▶ Material for this exercise:
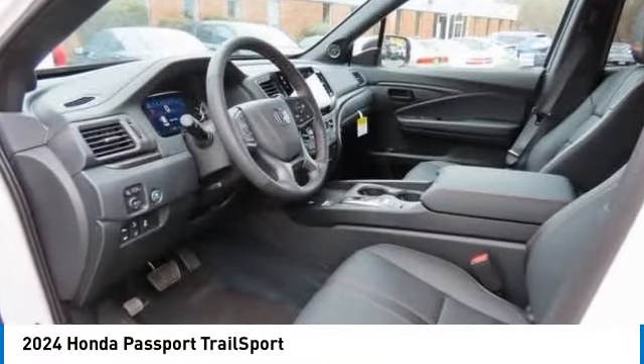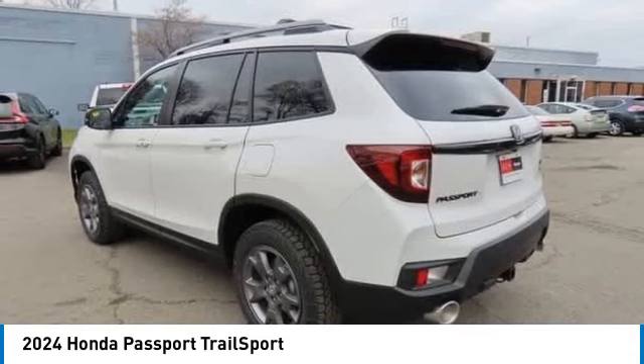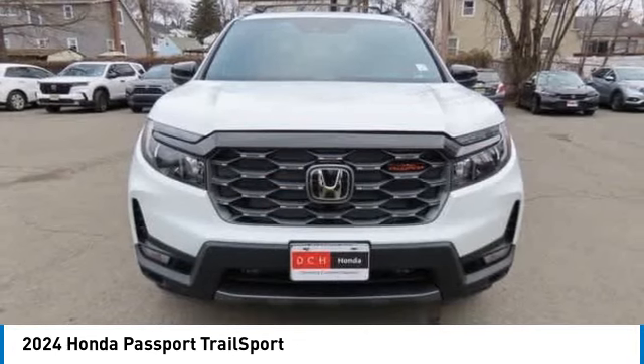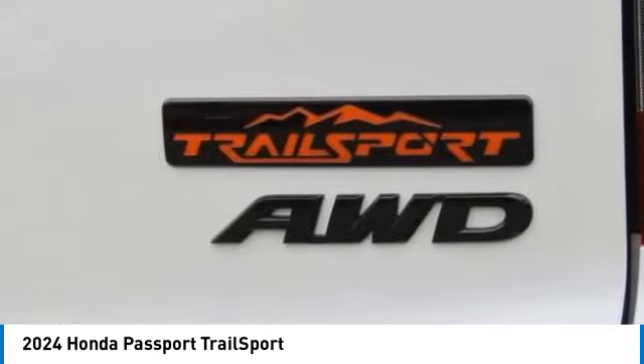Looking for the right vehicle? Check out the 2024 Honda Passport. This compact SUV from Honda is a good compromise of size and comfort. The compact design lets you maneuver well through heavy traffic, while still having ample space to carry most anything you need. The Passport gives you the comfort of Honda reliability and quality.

---

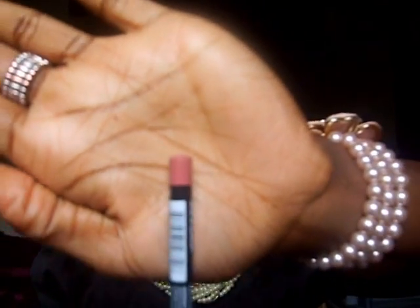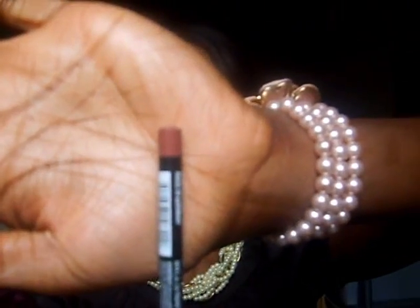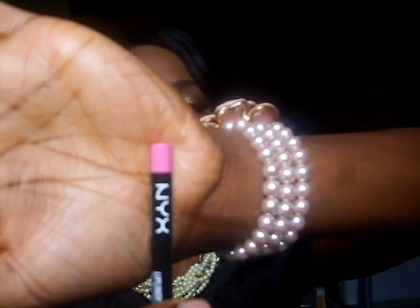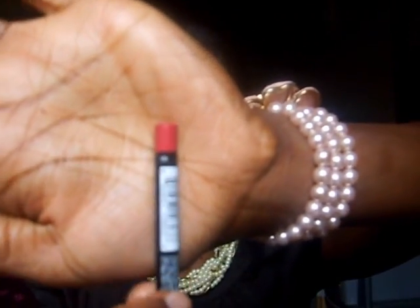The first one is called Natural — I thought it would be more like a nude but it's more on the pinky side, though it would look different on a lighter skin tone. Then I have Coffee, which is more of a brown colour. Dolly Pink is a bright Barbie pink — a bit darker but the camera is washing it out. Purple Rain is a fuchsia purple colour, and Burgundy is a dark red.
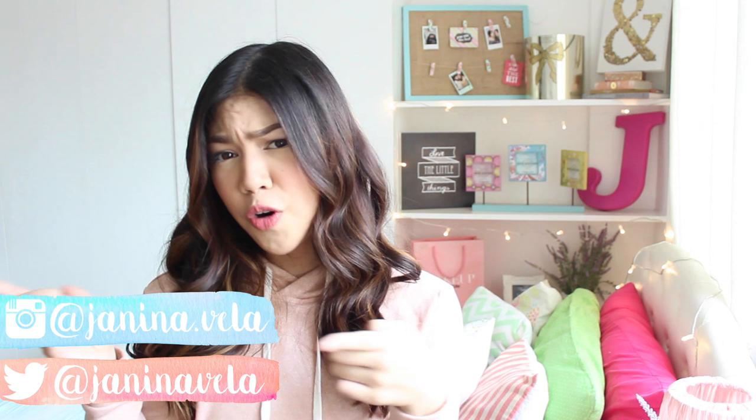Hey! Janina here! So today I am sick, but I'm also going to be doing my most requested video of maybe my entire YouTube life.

==

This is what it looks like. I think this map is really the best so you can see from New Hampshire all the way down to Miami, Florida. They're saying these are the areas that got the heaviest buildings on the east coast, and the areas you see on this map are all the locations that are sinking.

▶ Work required: Return only the part above that opens with the line containing "The first one" and closes with the line containing "Hey! Janina here!", exactly and with both ends, skipping the pictures.

▶ Written response:
The first one is called Natural — I thought it would be more like a nude but it's more on the pinky side, though it would look different on a lighter skin tone. Then I have Coffee, which is more of a brown colour. Dolly Pink is a bright Barbie pink — a bit darker but the camera is washing it out. Purple Rain is a fuchsia purple colour, and Burgundy is a dark red.
Hey! Janina here! So today I am sick, but I'm also going to be doing my most requested video of maybe my entire YouTube life.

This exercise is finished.